A história contempla, combinemos, com mais paixão os times encantadores. Aqueles que você para para ver jogar mesmo não sendo o do seu coração. Encanta quem faz gols. Assim, no plural. Embora a defesa seja uma arte, como ensina o futebol italiano em seus melhores momentos, nada se compara à sensação de ver a construção de uma jogada coletiva até a conclusão às redes ou a jogada individual que transforma marcadores em cones e liberam na arquibancada a euforia dedicada aos fora-de-série.
O último time mundial que vi consagrar o inesquecível foi o Barcelona de Xavi, Iniesta, Neymar, Suárez e Messi. Antes, o mesmo Barça de Xavi, Iniesta, Messi, Pedro e Villa. No contexto brasileiro, o Flamengo de 2019 levava multidões ao Maracanã não para conferir se o time venceria e sim de quanto. Jogavam Everton Ribeiro, Arrascaeta, Bruno Henrique e Gabigol. Não sou capaz de lembrar um único jogador do Once Caldas campeão da Libertadores, mas isso não diminui o fato irretorquível de que o nome do Once Caldas conste no registro da Conmebol como legítimo campeão.

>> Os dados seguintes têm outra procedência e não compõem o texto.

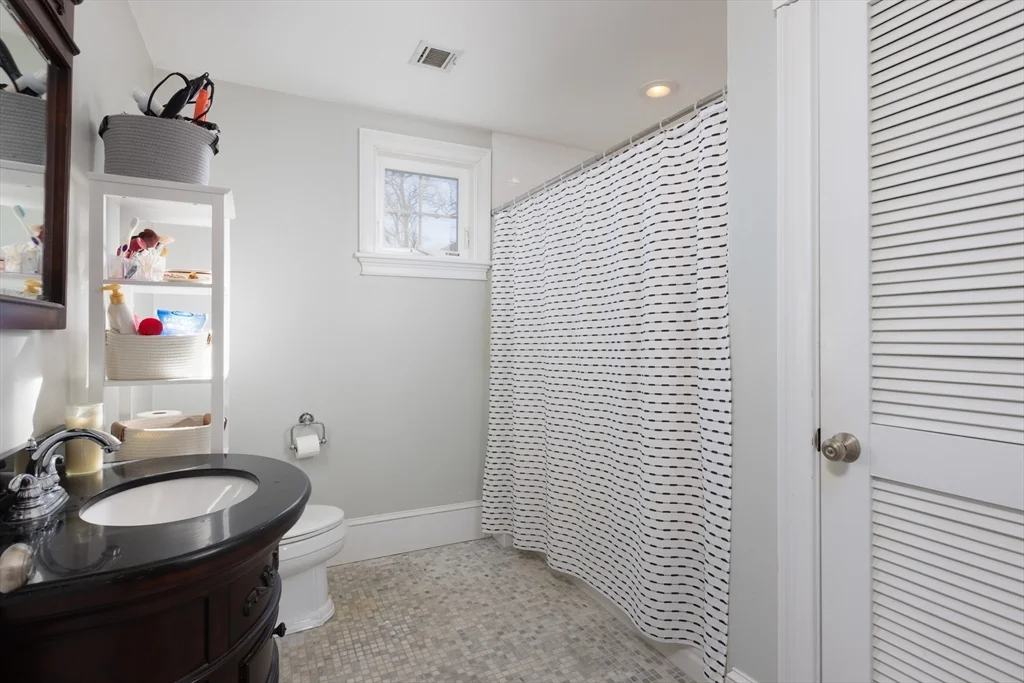 1 bed, 1 bath apartment for rent at 847 East 4th St Unit 3, South Boston — photo 5 of 7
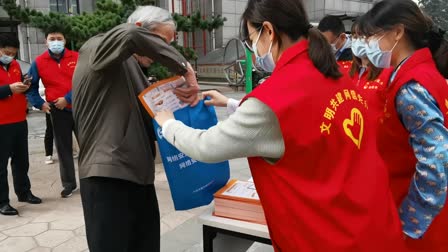 毛球在安安老师身边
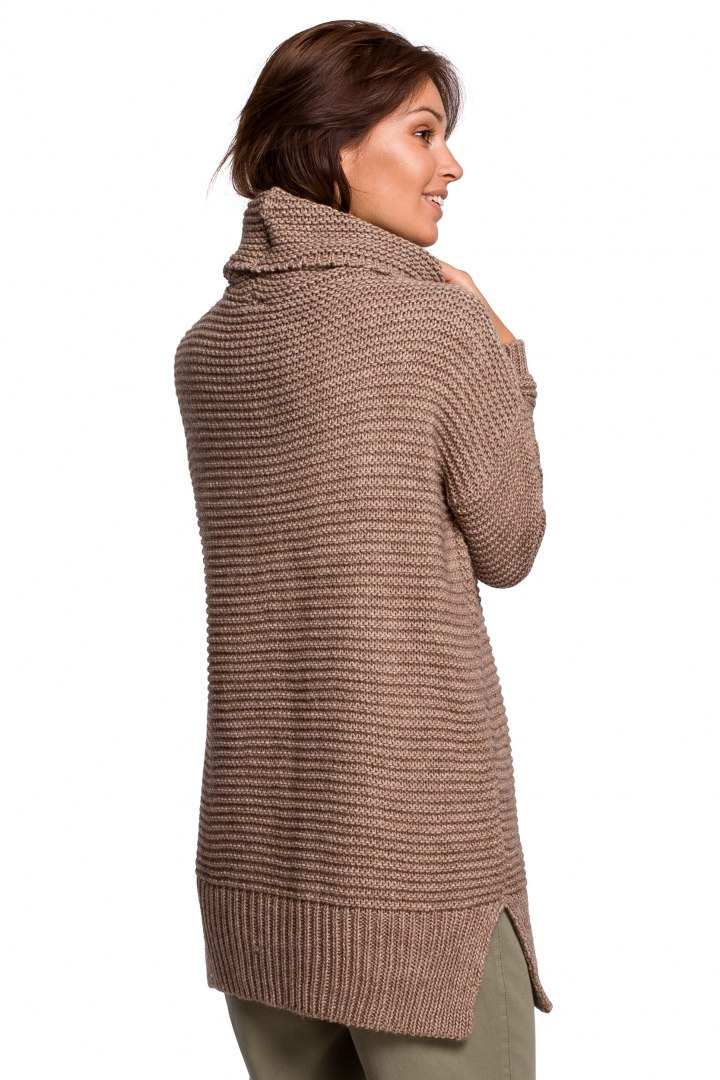 Sweter damski gruby oversize z golfem i ściągaczem cappuccino BK047 Sweter damski gruby oversize z golfem i ściągaczem cappuccino BK047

Quando torcedor, lembro que gostava acima de tudo de ver meu time vencedor. Por defeito de fábrica que agradeço a meu pai, José Mauro Saraiva, nunca gostei da ideia de ganhar a qualquer preço. Jamais me seduziu a máxima de que a melhor vitória era aquele conquistada aos 48 minutos do segundo tempo num gol de mão e impedido. Meu encantamento sempre foi o time do meu coração ganhar sendo claramente superior e, portanto, indiscutível.
Embora pareça estar me gabando de ter sido um torcedor "Nutellinha", registro que este jeito de torcer não me fazia melhor torcedor do que o outro que priorizava ganhar fosse como fosse. Torcer é sublime e, a menos que vire violência e intolerância, contempla mais de um jeito de ser. Fossem todos iguais os torcedores do mesmo time e não se discutiria futebol nas mesas de bar do mundo.
No dilema universal e insolúvel que avançará pelos tempos, teremos sempre episódios como o da última quarta-feira (17), com o jogo de volta das quartas de final da Champions League. O Manchester City transformou o Real Madrid no Olaria por 45 minutos no segundo tempo. O time de Ancelotti não passava do grande círculo. O de Guardiola perdia de 1x0, empatou, e De Bruyne teve então a bola do jogo para a virada. À feição, na marca do pênalti, rolando macia no gramado perfeito do Etihad. O belga desperdiçou, desafortunadamente. Chutou a bola no placar eletrônico do estádio.
A esmagadora superioridade do time inglês não lhe rendeu vitória sobre o espanhol, que acabou se classificando nos pênaltis. Injusto? Não. A injustiça mora no resultado mexido por erro de arbitragem. De resto, se o boxeador resiste a todos os golpes e dá um, definitivo, que derruba o oponente, ali está a justiça.
Show e resultado podem estar do mesmo lado como o Brasil tricampeão na Copa de 1970. Pode estar em lados opostos, como o Brasil derrotado na Copa de 1982, que não fez do show, resultado. Ou no Brasil tetra na Copa de 1994, que alcançou o resultado e mandou o show às favas. Faça sua escolha, mas deixe a porta aberta para outras possiblidades.